THE below 50 per cent pass rate for Grade 10s has become an annual ‘ritual’ and a ‘recipe for future unrest’, the Congress of Democrats charged yesterday.
Its Secretary General Tsudao Gurirab said in a media statement that it was long past time to continue harping on about the inequities of Bantu education in Namibia.
Government schools reopened in Namibia yesterday as the scramble for classrooms continued yet again.
Gurirab said children represent hope and the future and need to be taken care of.
‘Whilst the number of grade one learners continue to increase countrywide we remain concerned about the below 50 per cent pass rate for both grades 10 and 12. This has become almost the annual outcome and ritual,’ Gurirab said.

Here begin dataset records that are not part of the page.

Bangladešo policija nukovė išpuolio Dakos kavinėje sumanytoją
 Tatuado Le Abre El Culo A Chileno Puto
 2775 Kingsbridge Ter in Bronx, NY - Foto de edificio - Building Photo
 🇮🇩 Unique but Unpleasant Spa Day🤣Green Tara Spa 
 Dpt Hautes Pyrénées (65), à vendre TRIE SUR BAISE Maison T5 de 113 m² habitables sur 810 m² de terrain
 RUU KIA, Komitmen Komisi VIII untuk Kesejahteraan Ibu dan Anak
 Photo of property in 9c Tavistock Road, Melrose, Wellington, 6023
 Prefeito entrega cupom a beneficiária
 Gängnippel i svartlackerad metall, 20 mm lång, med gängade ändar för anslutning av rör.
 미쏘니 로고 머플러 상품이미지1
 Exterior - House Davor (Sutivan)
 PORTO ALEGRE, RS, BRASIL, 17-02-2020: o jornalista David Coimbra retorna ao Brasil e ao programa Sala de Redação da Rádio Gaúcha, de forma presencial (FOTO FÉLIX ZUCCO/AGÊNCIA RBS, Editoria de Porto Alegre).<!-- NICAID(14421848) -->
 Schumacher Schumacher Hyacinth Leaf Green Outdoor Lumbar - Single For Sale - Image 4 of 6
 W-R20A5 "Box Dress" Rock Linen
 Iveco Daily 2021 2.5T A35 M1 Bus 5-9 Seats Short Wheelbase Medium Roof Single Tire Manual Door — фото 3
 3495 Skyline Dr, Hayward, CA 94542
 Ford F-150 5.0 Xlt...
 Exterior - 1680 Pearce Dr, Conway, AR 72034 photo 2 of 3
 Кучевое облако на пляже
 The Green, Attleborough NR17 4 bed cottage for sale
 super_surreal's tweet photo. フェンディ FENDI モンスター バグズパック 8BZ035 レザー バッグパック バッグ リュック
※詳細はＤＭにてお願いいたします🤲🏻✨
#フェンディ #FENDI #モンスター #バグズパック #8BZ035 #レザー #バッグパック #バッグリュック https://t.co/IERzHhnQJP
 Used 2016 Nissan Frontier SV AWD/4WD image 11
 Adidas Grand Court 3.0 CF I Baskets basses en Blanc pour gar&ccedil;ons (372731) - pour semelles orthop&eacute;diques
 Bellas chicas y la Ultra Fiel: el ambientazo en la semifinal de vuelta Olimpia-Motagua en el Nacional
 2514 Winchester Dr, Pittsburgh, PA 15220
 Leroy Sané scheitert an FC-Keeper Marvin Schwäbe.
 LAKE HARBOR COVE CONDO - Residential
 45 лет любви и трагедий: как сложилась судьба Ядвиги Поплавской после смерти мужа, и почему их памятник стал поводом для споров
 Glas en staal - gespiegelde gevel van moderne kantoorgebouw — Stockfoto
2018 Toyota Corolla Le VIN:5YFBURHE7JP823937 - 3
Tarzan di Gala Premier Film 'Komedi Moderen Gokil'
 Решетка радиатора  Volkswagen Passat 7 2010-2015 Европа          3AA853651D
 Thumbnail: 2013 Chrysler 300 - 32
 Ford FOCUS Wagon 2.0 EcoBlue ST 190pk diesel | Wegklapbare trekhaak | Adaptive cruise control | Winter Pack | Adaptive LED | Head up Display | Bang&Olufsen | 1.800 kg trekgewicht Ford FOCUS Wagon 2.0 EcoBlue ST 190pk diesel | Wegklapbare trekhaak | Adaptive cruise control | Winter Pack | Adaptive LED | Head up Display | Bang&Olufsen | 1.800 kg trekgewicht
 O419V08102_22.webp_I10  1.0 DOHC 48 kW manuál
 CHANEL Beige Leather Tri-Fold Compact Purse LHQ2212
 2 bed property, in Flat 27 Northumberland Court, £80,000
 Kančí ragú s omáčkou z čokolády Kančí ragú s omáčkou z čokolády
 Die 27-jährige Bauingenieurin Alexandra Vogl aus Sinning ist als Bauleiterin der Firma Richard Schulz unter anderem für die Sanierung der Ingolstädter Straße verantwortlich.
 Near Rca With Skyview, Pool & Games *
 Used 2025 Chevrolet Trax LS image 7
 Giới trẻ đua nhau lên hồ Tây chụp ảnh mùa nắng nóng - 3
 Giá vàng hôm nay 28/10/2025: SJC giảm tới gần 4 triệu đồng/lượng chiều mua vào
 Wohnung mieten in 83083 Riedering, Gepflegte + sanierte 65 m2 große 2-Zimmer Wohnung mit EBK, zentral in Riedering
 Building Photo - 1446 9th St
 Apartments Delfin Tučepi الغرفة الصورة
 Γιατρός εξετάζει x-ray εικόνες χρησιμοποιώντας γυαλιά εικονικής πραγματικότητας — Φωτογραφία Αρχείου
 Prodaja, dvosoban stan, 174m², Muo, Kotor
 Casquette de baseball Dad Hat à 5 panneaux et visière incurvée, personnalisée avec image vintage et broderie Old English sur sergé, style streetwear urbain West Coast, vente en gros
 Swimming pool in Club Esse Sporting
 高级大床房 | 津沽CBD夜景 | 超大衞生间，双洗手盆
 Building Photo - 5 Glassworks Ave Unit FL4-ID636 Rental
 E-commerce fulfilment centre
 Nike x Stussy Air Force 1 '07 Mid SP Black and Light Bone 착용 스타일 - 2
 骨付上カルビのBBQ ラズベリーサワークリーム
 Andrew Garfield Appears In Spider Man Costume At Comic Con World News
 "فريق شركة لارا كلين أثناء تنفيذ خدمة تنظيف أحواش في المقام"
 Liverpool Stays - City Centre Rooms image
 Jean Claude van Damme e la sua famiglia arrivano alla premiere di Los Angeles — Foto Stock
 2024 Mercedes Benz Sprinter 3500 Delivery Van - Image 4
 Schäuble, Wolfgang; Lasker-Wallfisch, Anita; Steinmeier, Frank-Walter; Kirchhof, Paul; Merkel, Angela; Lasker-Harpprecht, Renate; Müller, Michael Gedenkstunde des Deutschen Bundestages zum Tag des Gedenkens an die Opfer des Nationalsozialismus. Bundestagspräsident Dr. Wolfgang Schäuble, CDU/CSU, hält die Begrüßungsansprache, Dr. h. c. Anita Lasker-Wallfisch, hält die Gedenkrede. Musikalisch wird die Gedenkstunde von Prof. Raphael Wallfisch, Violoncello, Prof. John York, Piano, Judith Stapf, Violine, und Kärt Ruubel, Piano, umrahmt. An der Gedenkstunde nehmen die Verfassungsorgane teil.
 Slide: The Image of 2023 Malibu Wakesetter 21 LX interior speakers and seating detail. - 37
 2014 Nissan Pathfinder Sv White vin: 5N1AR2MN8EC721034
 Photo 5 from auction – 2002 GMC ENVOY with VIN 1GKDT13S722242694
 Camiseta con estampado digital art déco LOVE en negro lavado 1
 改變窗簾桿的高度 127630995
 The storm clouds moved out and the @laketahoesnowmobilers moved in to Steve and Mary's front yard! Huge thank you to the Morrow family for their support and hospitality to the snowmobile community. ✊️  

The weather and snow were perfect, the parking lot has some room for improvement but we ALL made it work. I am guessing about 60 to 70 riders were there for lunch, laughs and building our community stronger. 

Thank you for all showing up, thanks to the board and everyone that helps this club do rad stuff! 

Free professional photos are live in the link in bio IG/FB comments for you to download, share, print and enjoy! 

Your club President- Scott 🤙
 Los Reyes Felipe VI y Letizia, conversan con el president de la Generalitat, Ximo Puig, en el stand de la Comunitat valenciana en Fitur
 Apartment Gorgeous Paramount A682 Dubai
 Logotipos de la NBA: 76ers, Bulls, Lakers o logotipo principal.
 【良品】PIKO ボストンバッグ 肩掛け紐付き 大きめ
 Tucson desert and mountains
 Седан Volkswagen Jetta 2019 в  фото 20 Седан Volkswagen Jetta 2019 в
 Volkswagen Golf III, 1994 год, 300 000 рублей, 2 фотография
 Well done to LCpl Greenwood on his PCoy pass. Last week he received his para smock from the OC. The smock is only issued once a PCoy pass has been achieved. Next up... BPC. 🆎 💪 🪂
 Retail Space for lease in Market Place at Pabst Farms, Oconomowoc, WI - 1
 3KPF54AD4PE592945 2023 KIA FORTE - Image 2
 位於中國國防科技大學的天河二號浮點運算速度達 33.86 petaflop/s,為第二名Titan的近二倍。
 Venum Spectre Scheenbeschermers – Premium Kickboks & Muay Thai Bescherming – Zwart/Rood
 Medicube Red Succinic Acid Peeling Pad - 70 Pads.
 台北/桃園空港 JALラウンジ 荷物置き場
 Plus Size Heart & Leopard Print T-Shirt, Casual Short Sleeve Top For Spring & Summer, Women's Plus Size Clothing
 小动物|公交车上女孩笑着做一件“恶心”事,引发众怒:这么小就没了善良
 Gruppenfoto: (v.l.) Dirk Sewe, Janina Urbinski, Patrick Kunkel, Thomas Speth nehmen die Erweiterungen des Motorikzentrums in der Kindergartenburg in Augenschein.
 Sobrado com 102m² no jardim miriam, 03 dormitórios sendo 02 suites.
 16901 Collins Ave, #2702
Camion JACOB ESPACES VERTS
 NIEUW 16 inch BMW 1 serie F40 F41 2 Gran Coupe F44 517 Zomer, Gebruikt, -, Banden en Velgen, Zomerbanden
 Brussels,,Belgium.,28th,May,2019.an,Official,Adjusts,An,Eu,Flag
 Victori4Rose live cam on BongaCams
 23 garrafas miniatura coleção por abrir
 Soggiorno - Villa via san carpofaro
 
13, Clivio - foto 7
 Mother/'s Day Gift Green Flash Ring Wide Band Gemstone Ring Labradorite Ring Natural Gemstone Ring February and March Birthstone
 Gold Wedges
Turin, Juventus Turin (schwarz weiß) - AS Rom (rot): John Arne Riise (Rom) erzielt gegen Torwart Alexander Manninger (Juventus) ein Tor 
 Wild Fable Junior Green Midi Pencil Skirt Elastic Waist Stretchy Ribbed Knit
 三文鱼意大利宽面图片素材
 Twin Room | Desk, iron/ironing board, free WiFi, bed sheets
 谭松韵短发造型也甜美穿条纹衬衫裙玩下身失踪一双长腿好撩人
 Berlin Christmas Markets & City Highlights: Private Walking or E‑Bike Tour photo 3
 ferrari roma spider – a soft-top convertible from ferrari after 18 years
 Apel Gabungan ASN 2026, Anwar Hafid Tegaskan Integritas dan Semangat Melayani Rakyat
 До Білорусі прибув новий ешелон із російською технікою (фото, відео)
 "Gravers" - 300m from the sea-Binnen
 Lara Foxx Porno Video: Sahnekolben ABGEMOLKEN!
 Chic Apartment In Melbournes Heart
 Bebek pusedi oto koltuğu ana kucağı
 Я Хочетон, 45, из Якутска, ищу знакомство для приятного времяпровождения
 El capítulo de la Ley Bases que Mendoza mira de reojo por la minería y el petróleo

Last year only 17 869 (47,6 per cent) fulltime pupils of the 36 633 who wrote grade 10 exams managed to score the required 23 points or more and a minimum of an F grade in English to proceed to Grade 11.
That is 2 649 pupils more than in 2007, with about 2 500 part-time candidates expected to join them to bring the total pass rate to around 20 369.
The number of those who passed the exams was the highest yet, but that was because there was a record entry of 36 633 fulltime pupils because of the repeaters who were able to return to formal school last year.
The CoD said they want the Ministry to give an opportunity to acquire a skill to become productive members of the community to those who failed Grade 10 last year.